* **WHAT TO DO**
Begin your transcription at the line containing "Taking CBD oil from a bottle using a dropper" and continue it, word for word, to the final line below. Include only those lines and skip the pictures.

* **STORED DATA**
== Segment start ==

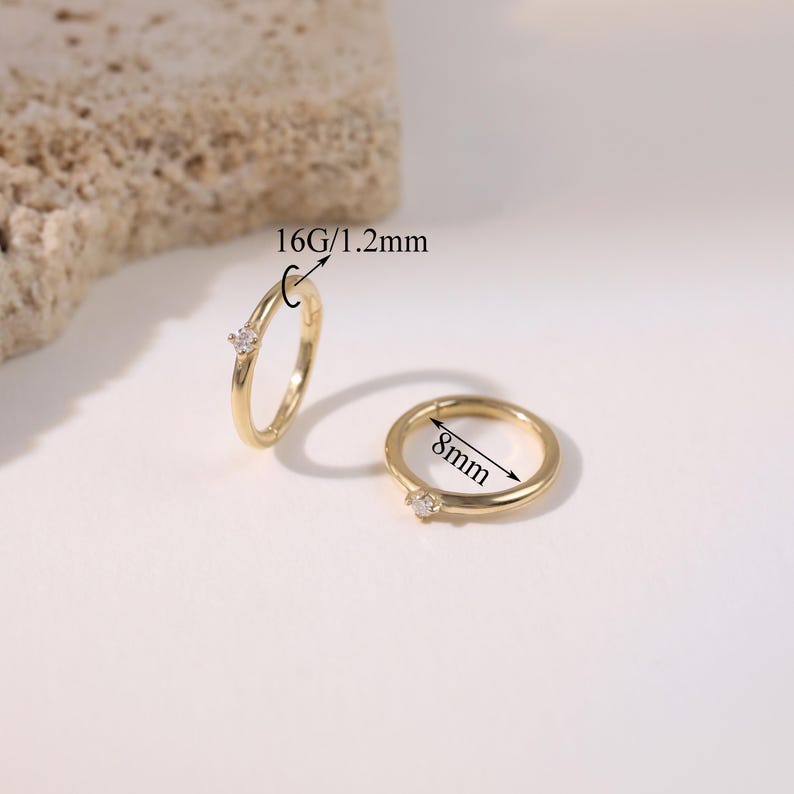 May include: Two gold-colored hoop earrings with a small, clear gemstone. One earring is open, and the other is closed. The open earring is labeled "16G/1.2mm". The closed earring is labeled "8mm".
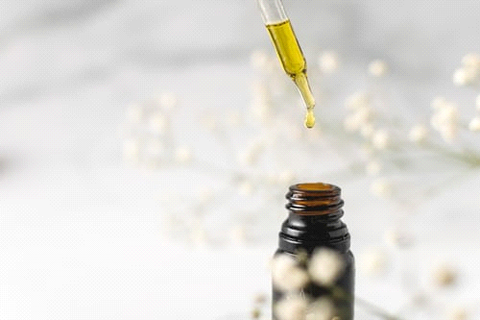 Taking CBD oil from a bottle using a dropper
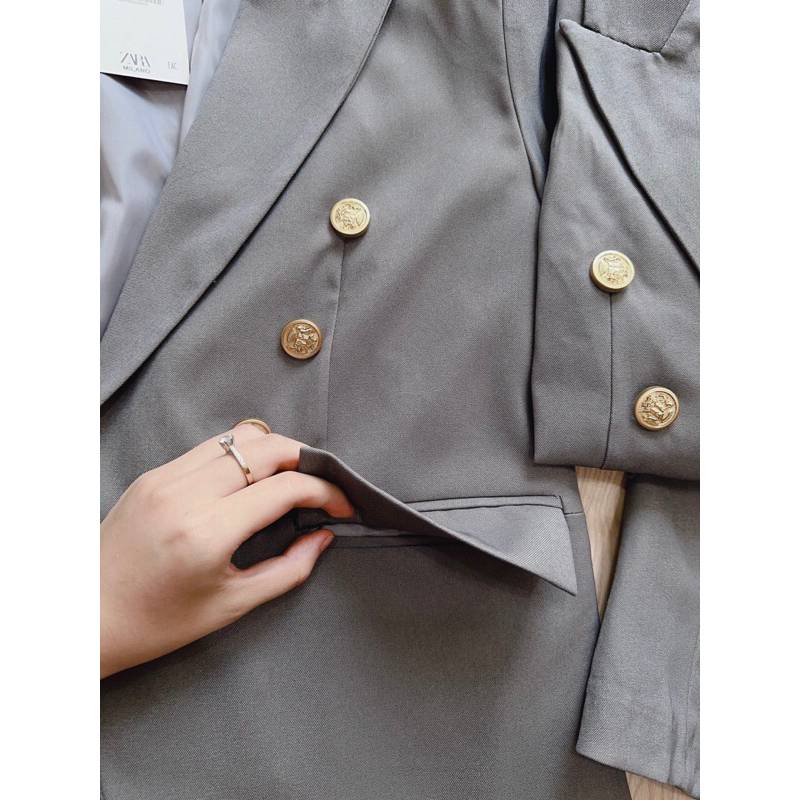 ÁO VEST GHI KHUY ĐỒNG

== Segment end ==

* **YOUR RESPONSE**
 Taking CBD oil from a bottle using a dropper
 ÁO VEST GHI KHUY ĐỒNG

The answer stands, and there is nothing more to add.